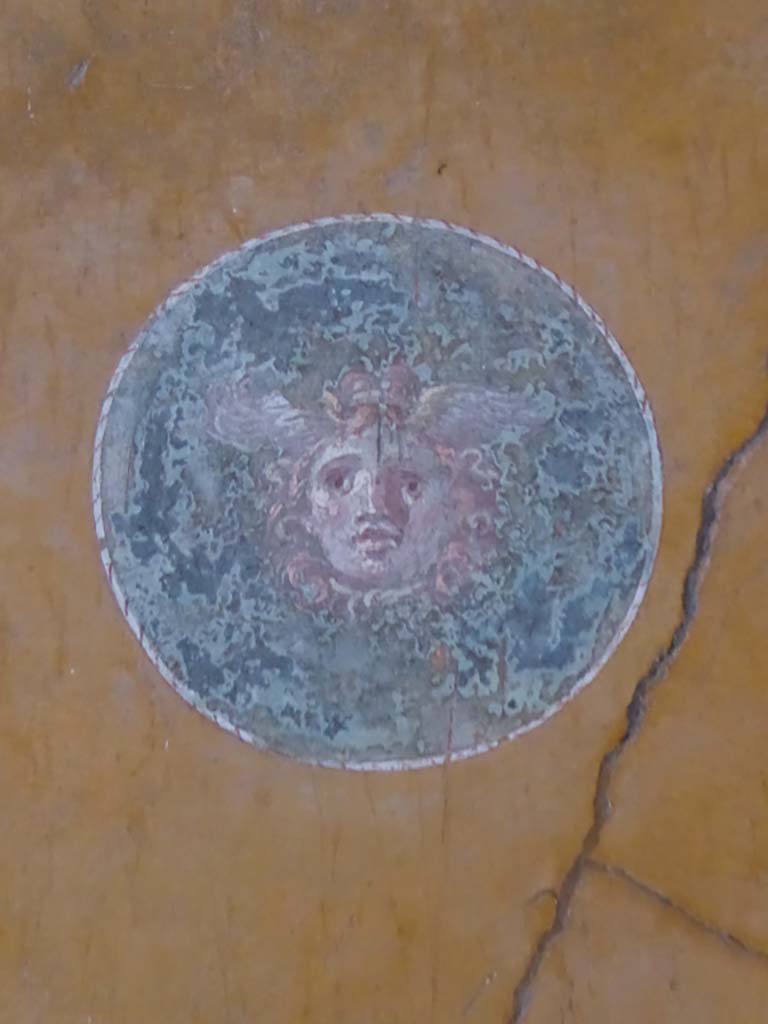 VI.15.1 Pompeii. January 2017. Detail of painted medallion from east end of north wall.
Foto Annette Haug, ERC Grant 681269 DÉCOR.
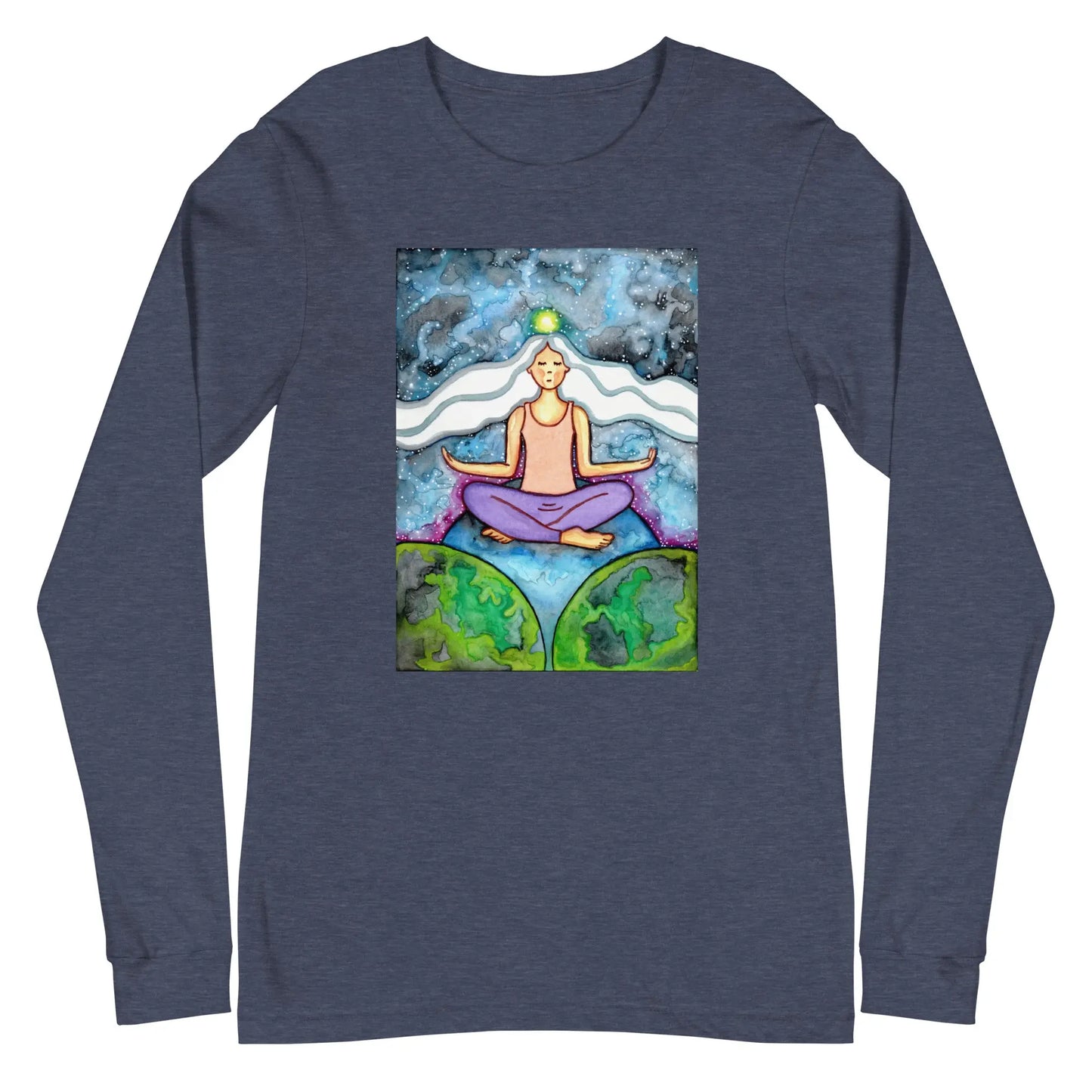 Unisex Long Sleeve Tee (the crown chakra)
● ● ● ●
Task statement -
An exact transcription of the material is required, without any pictures.

Final answer -
 VI.15.1 Pompeii. January 2017. Detail of painted medallion from east end of north wall.
Foto Annette Haug, ERC Grant 681269 DÉCOR.
 Unisex Long Sleeve Tee (the crown chakra)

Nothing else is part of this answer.